Action item
The answer should be the exact lines from the line containing "Personenauto, toyota, aygo, 1.0-12v" through the last line of the material below, with no pictures.

════

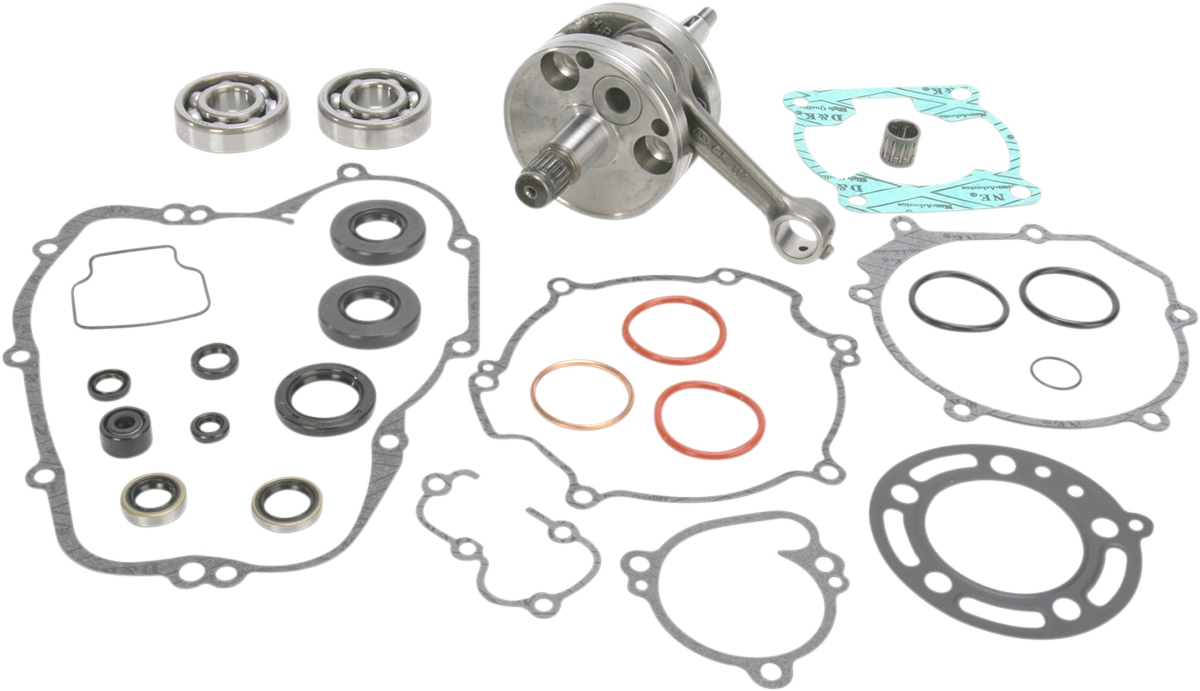 Kawasaki KX100 1998-05 +2mm Hot Rods Stroker Bottom End Kit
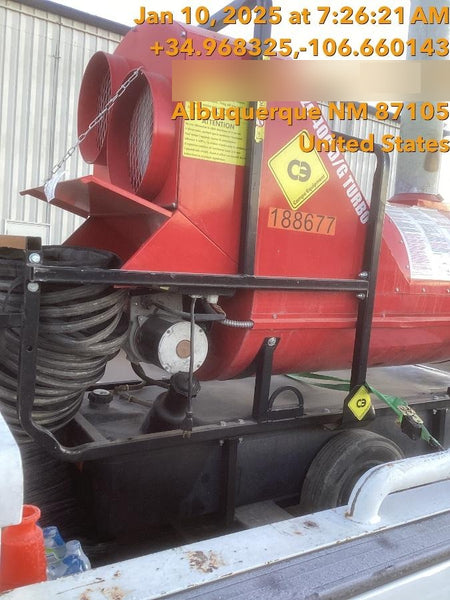 2021 CAMPO EB400D-RE1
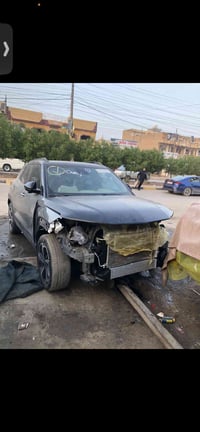 ترل بلايزر 23  rs مكينة 1300 تيربو  دخول جديد  ماشية ٢٤ على حادثها مال...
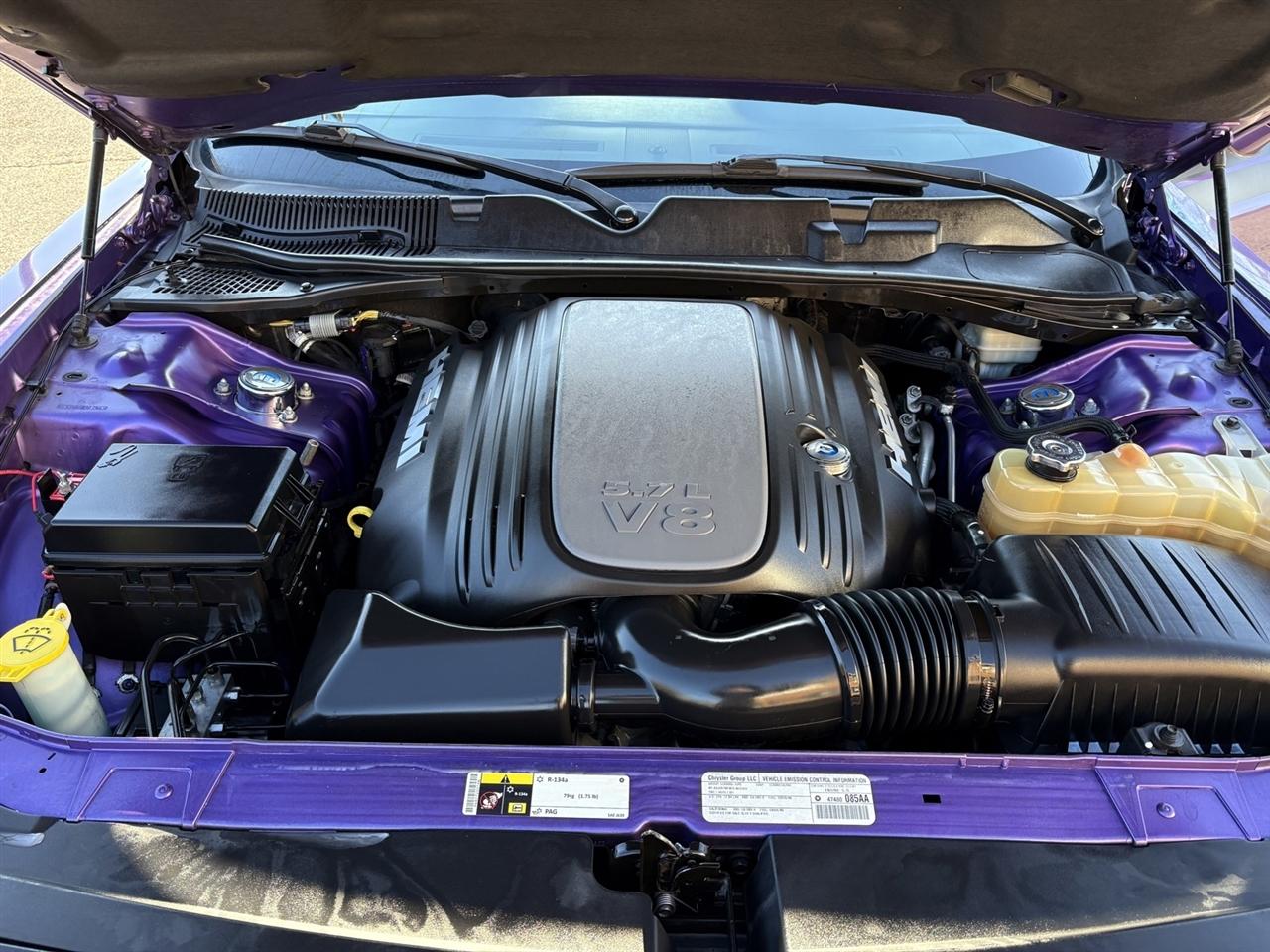 Dodge Challenger R/T 2014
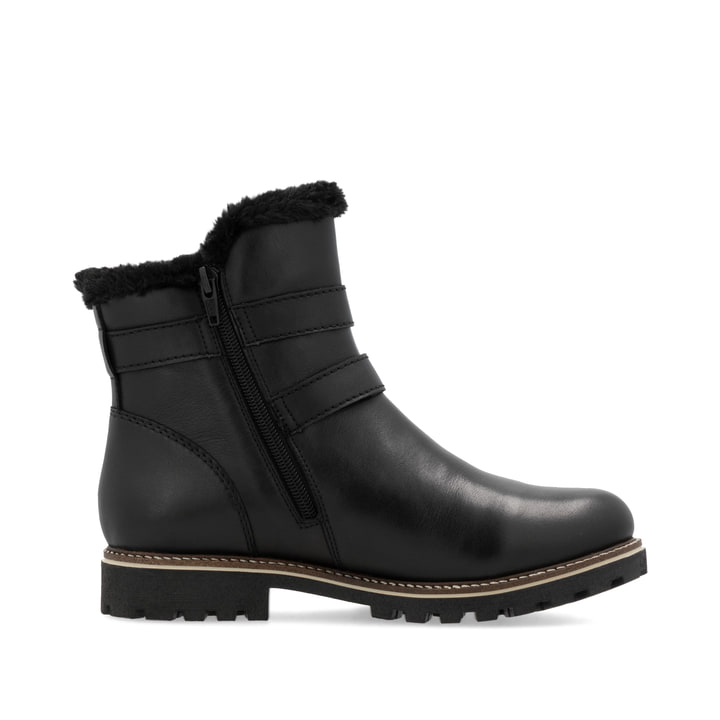 Remonte Artikelnummer D8484-00 remonte Damen Stiefeletten nachtschwarz Limitierter Zeitrabatt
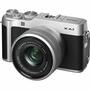 Цифровой фотоаппарат Fujifilm X-A7 XC 15-45mm F3.5-5.6 Kit Silver (16638201) - 2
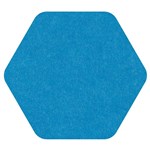 FILASORB CLOUD HEXAGON 1200 X 1385MM AZUR BOX 2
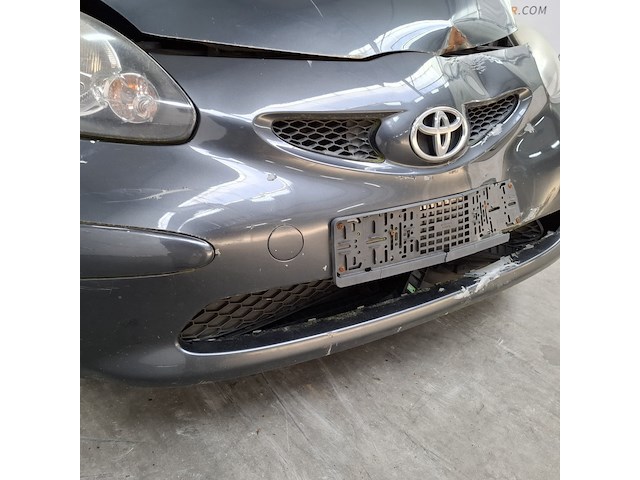 Personenauto, toyota, aygo, 1.0-12v +, 2007 - afbeelding 14 van  48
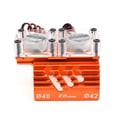 thumbnail image 4 of Aluminum Sink with High ​​Fans for 1/8 1/10 RC Car, 4 of 4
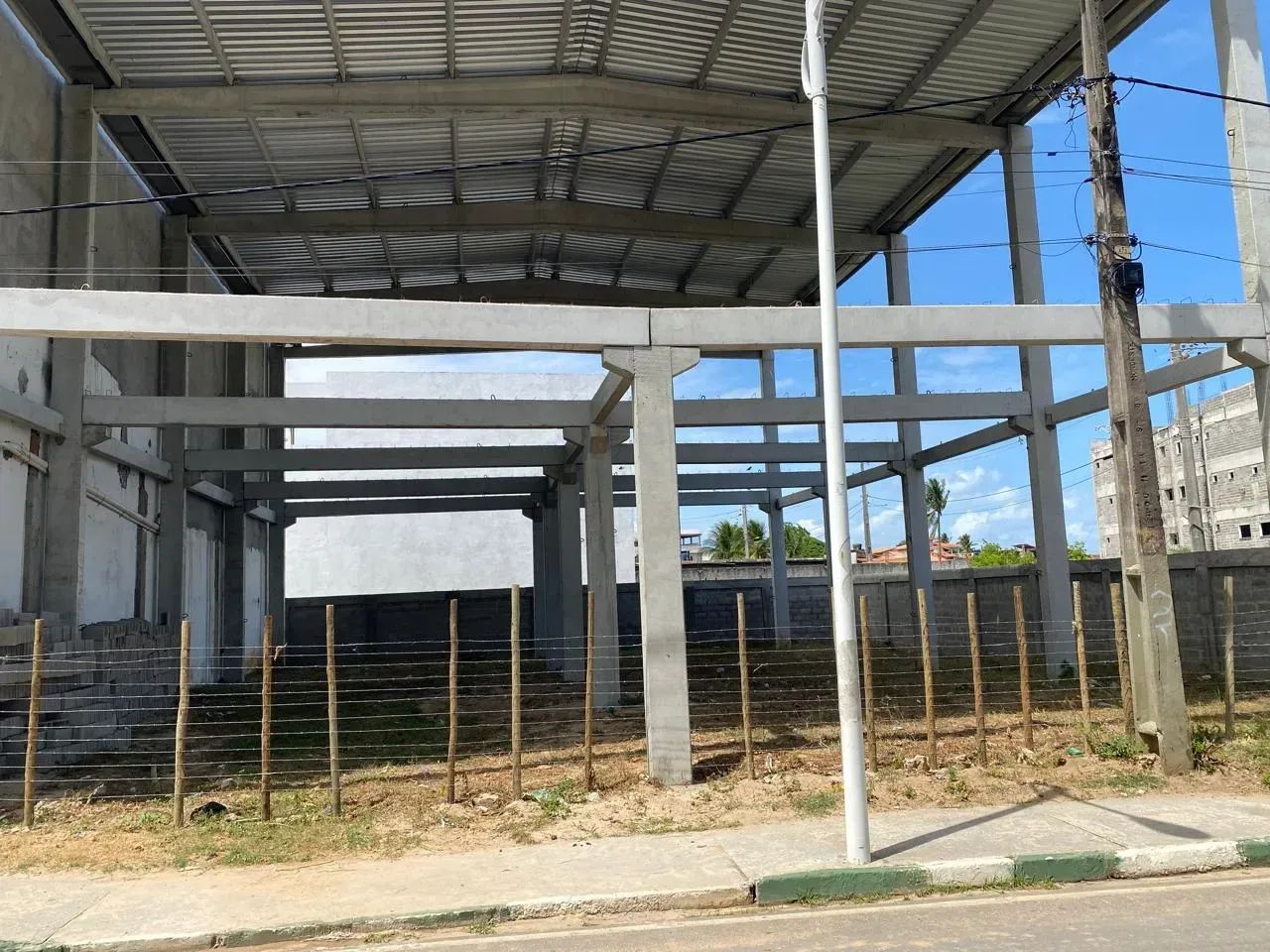GALPÃO NOVO À VENDA  CENTRO DE MAR GRANDE | LOCALIZAÇÃO PRIVILEGIADA - Foto 9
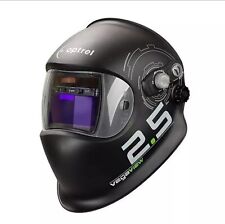 Optrel Vegaview 2.5 Automatik Schweißerhelm Schweißhelm Schweißschirm mit Maske!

════

Solution
 Personenauto, toyota, aygo, 1.0-12v +, 2007 - afbeelding 14 van  48
 thumbnail image 4 of Aluminum Sink with High ​​Fans for 1/8 1/10 RC Car, 4 of 4
GALPÃO NOVO À VENDA  CENTRO DE MAR GRANDE | LOCALIZAÇÃO PRIVILEGIADA - Foto 9
 Optrel Vegaview 2.5 Automatik Schweißerhelm Schweißhelm Schweißschirm mit Maske!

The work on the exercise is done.